● **Given data**
- Opening Delimiter -
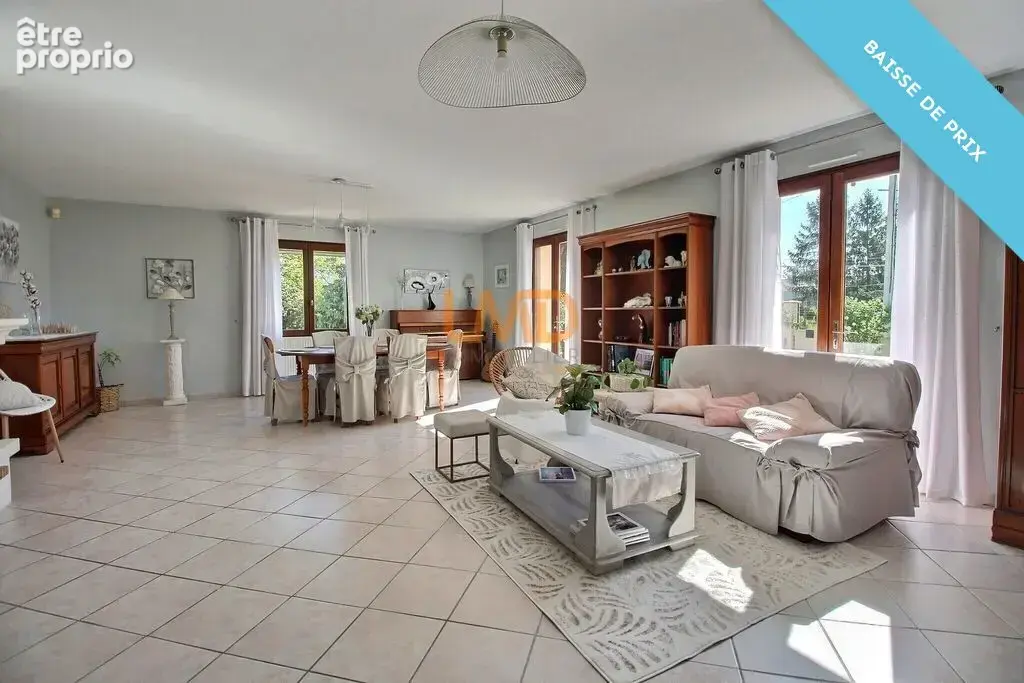 Maison à Burie (17770) Maison plain-pied de 177 m², 5 chambres - photo 5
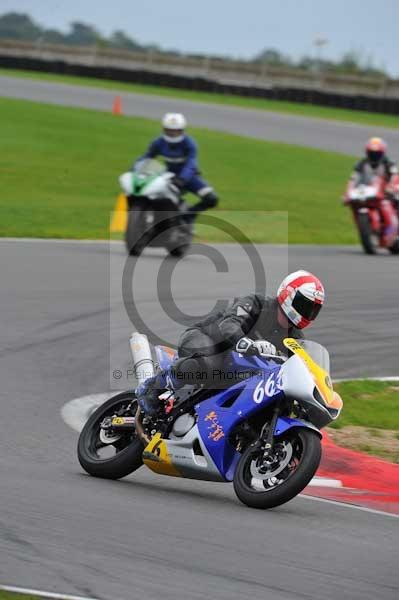 Motorcycle action photographs;Ty croes;anglesey;anglesey photographs;event digital images;eventdigitalimages;no limits trackday;peter wileman photography;trac mon;trackday;trackday digital images;trackday photos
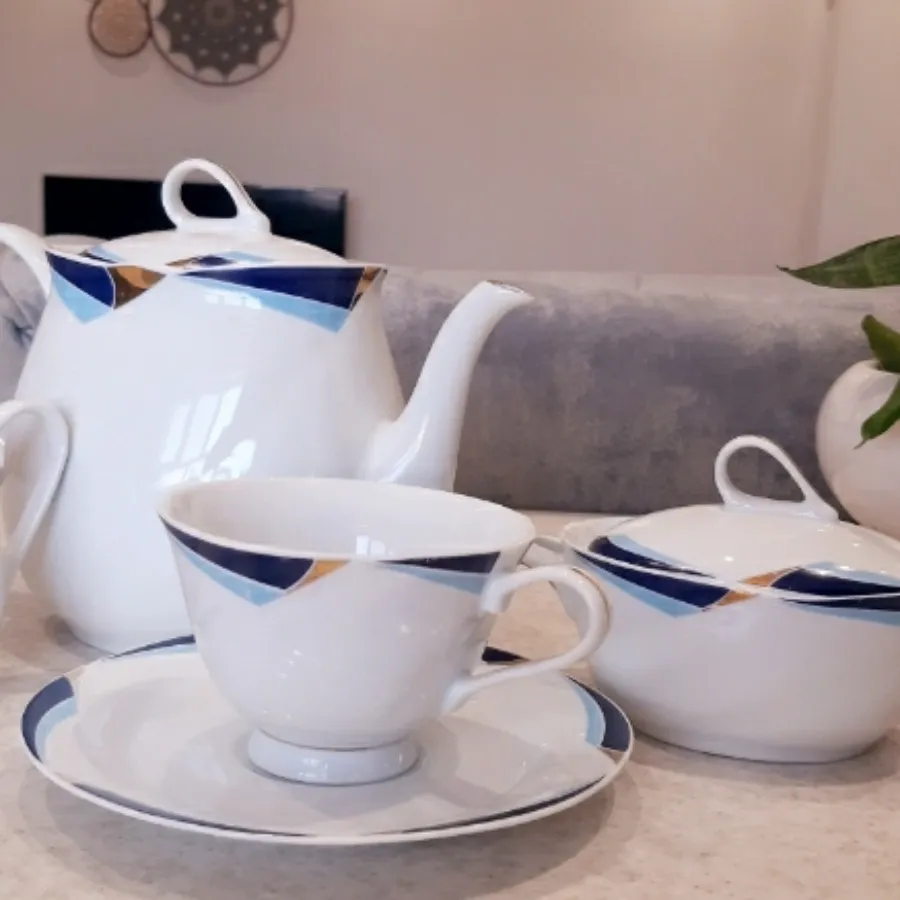 سرویس کامل صبحانه خوری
- Closing Delimiter -
● **Problem requirements**
Nothing but an exact copy of the data, without its images, should make up your answer.

● **Solution below**
 Maison à Burie (17770) Maison plain-pied de 177 m², 5 chambres - photo 5
 Motorcycle action photographs;Ty croes;anglesey;anglesey photographs;event digital images;eventdigitalimages;no limits trackday;peter wileman photography;trac mon;trackday;trackday digital images;trackday photos
 سرویس کامل صبحانه خوری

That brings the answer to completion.